Conseiller à la sécurité nationale, puis secrétaire d’État sous les présidents Richard Nixon et Gerald Ford, la politique internationale ultra-interventionniste de Kissinger a fait et continue de faire l’objet de nombreuses controverses, notamment à propos de la guerre du Vietnam et du bombardement massif du Cambodge.

Kissinger dans l'aile ouest, conseiller à la sécurité nationale en avril 1975. Photo Maison Blanche (cc)
Kissinger dans l'aile ouest, conseiller à la sécurité nationale en avril 1975. Photo Maison Blanche (cc)

L’influence de Kissinger n’a jamais été aussi douloureusement ressentie qu’au Cambodge, où son rôle dans la prolongation de la guerre du Vietnam par le biais d’une campagne de bombardements secrets en 1969 et d’une incursion terrestre des forces américaines l’année suivante laisse encore aujourd’hui des plaies ouvertes.

Beaucoup se souviennent de la colère du roi Sihanouk devant les caméras françaises quelque temps avant la prise de Phnom Penh. « Nixon et Kissinger sont des criminels », clamait-il haut et fort en référence aux bombardements américains qui avaient frappé le Cambodge durant la tristement célèbre « Opération Menu », qui causera la mort de plusieurs centaines de milliers de civils cambodgiens entre 1969 et la chute de Phnom Penh en 1975.

Quête de puissance

Selon une enquête très récente, publiée à peine quelques jours après son décès par le magazine The Independent,  « Kissinger s’est rangé du côté des dictateurs et des régimes génocidaires dans sa quête de puissance américaine face à l’URSS pendant la guerre froide ».

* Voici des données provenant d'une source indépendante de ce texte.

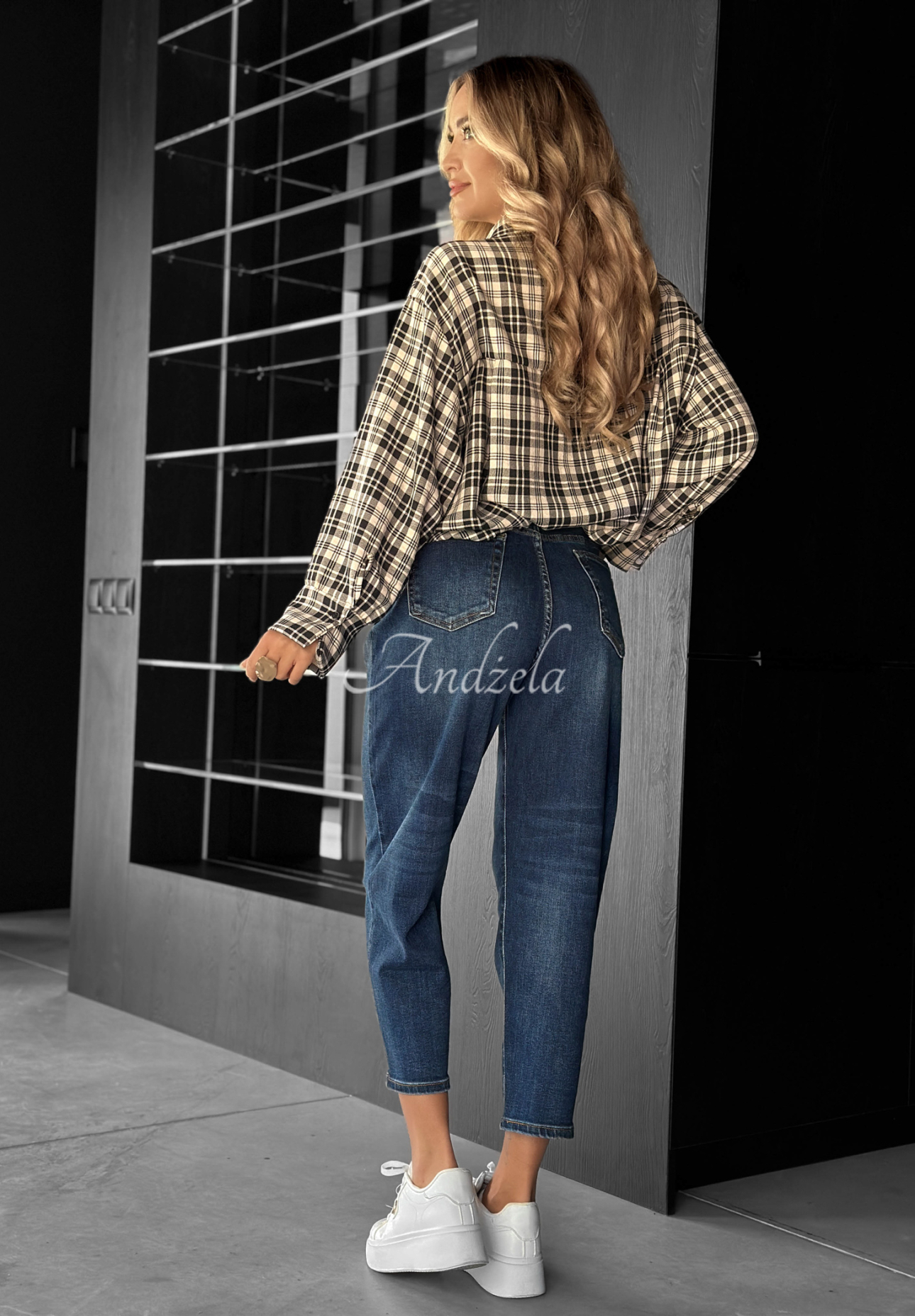 Džíny mom fit Live Fearless tmavě modré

Kissinger, qui est décédé à l’âge de 100 ans à son domicile du Connecticut mercredi dernier, laisse derrière lui un héritage extrêmement controversé, qui n’apparaîtra qu'au fur et à mesure que les archives américaines seront déclassifiées et que les régimes qu’il a soutenus seront démantelés. Des survivants cambodgiens du bombardement qui se sont déroulés entre 1969 et 1973 ont révélé plus tard des massacres non signalés qui auraient également coûté la vie à des centaines de civils pendant le mandat du diplomate américain.

Cambodge bombardé

Les États-Unis ont largué plus de 540 000 tonnes de bombes dans le cadre d’une campagne que Kissinger et le président Nixon de l’époque ont menée en secret, sans le soutien du Congrès américain dans le « but d’anéantir les Khmers rouges et d’éviter l’expansion communiste ».

Les États-Unis n’étaient pas en guerre contre le Cambodge, mais Kissinger estimait que cette opération était absolument nécessaire pour empêcher les Khmers rouges de se rallier à l’armée communiste nord-vietnamienne. Les dégâts causés par cette campagne de bombardements ont directement conduit à une guerre civile de huit ans entre le gouvernement cambodgien et les Khmers rouges. Cette guerre civile a provoqué la mort de plus de 300 000 morts et des millions de civils ont fui les campagnes pour se réfugier dans la capitale.

Tout ce qui bouge

Dans des transcriptions déclassifiées de conversations téléphoniques datant de 1970, Kissinger aurait parlé à Nixon de la situation au Cambodge avant de transmettre l’ordre suivant à son adjoint Alexander Haig :

« Il veut une campagne de bombardement massif au Cambodge… C’est un ordre, il faut le faire. Tout ce qui vole, sur tout ce qui bouge. Vous avez compris ? »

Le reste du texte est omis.